A generation after his father memorialized the hermit of Cold River, Marc was revealing the ways of a loner withdrawn from the world around him, an Adirondack hermit displaced from the Adirondacks.

An impulse to have a solitary personal relationship with nature can be a dysfunction if carried too far, if it becomes a failure to live as part of a larger community, to accept responsibility for someone other than oneself. It can, in a distrustful or fearful extreme, become a form of survivalism that throws up a wall in an effort to block out the outside world.

Environmental activism, including protection of the Adirondacks, would seem by its nature to rest on communal values. To protect a larger natural world often requires that we set aside immediate self-interest to embrace larger values. We agree to forswear the Hummer because we recognize the greater value of fighting climate change.
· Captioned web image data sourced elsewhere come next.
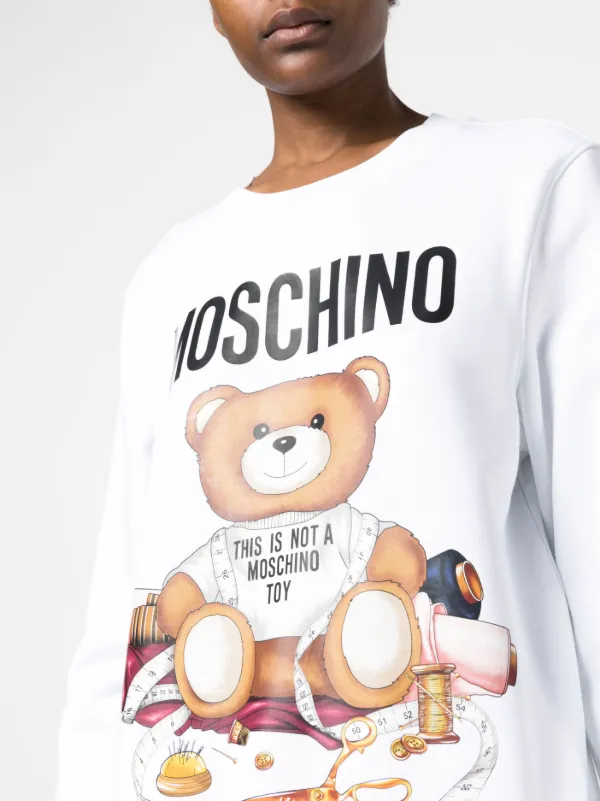 Moschino store teddy sweatshirt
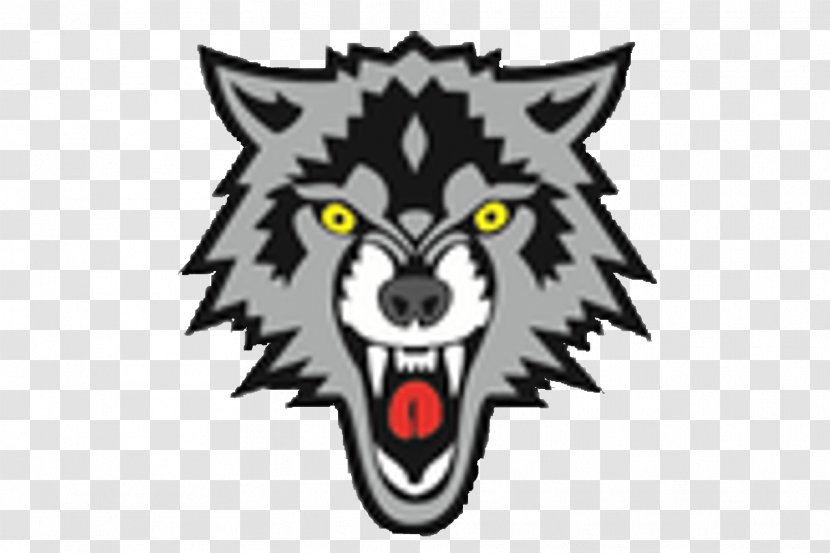 Gray Wolf Logo Graphic Design - Fictional Character Transparent PNG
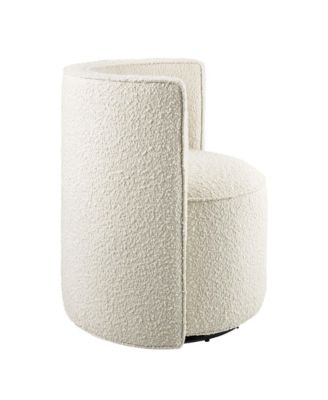  Della Boucle Fabric Swivel Chair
But even in the language of environmentalism and sustainability we can spot places where it might veer toward survivalism. In a piece excerpted in the November-December 2009 Explorer, environmentalist Bill McKibben writes:
“It is at least possible that in a carbon-constrained world … we will need examples of places less tied into the global economy, more able to fend for themselves. The Adirondack Mountains possess certain of these characteristics.”

Since this is coming from Bill, who has devoted his work to a global fight against climate change, it’s safe to say he’s not advocating that we bar the gates against refugees from less-fortunate regions—figuratively or literally. His efforts depend on shared responsibility.
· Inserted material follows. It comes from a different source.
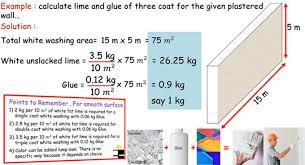 How To Calculate Quantity Of White Wash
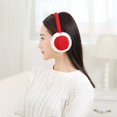 thumbnail image 4 of Mode Femmes Automne Hiver Chaud Cache-Oreilles en Peluche Tricoté Accessoire Cadeau, 4 of 5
But isn’t there a hint of danger in those words “fend for themselves”? Might some give in to the temptation to feel the larger problems are too big and too hard, so let’s do what we can to make our local environment work? And of course we’ll need to keep others from messing it up. Can we glimpse how the idealized image of a hermit who shares his values with the community could distort into the recluse holding protectively to life in a tent on the outskirts of town?
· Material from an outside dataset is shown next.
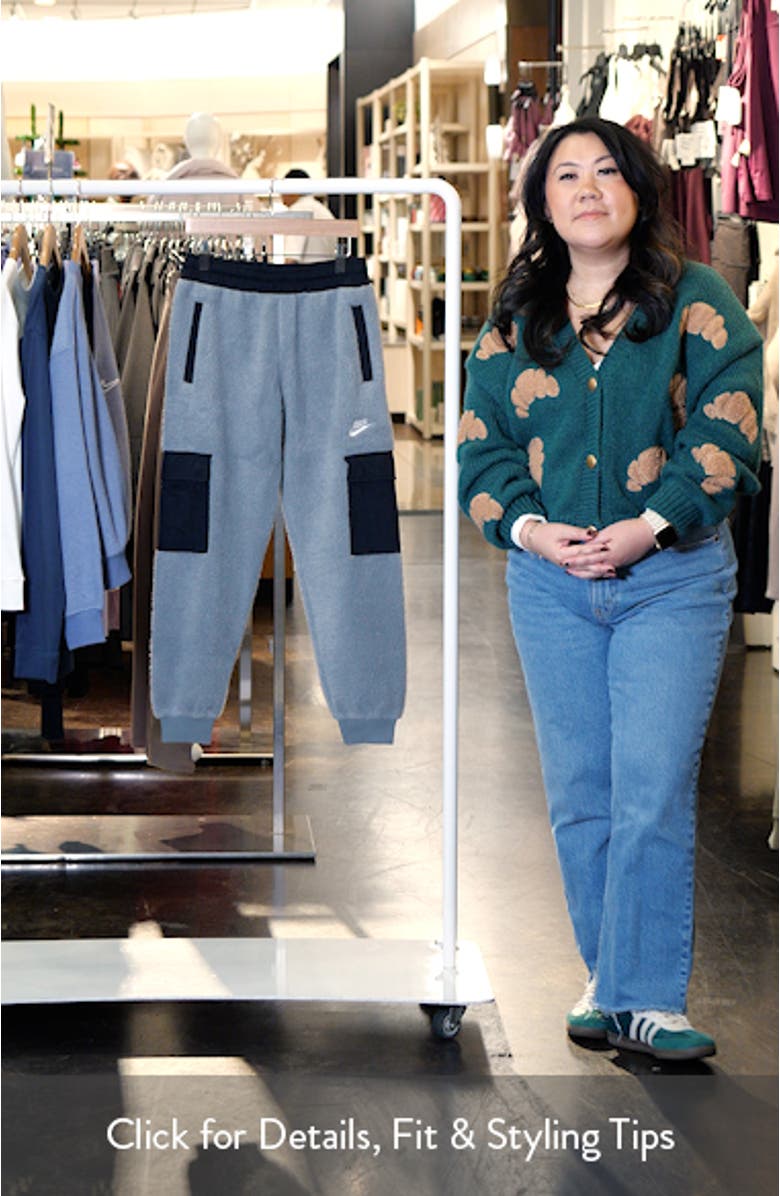 Kids' Sportswear Club Fleece Cargo Joggers, sales video thumbnail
The fact that we know so much about Noah John Rondeau testifies to the fact that he was not misanthropic or averse to society. At his hermitage he enjoyed entertaining visitors. He told his tales at sportsman shows and in his later years even worked as Santa Claus at a theme park. He did not, in reality, wall himself off from the world.

A hermit who completely withdrew from the rest of us might have admirable wilderness skills or a fascinating philosophy, but who would know? He wouldn’t register a bit on the public consciousness, much less serve any greater good.

The Adirondack community is enriched by the Rondeau story not because he was good at fishing or skinning muskrats, but because he was able to convey his respect for nature to a larger world. Maybe one of the happiest threads of his story began with his willingness to show the ropes to a young visitor named Clarence Petty. Clarence, who died in November, grew to become one of the Adirondack Park’s most influential preservationists. He fondly told of his visits to “Noey” when he was a boy, returning home with a basket of trout and deeper knowledge of the ways of the wilderness.

That early inspiration didn’t lead Clarence to find a hiding place in the forest in which to make his own independent way. He took those lessons as a starting point for a career in public service, using his knowledge of solitary places to bring lasting protection and public access to the natural world.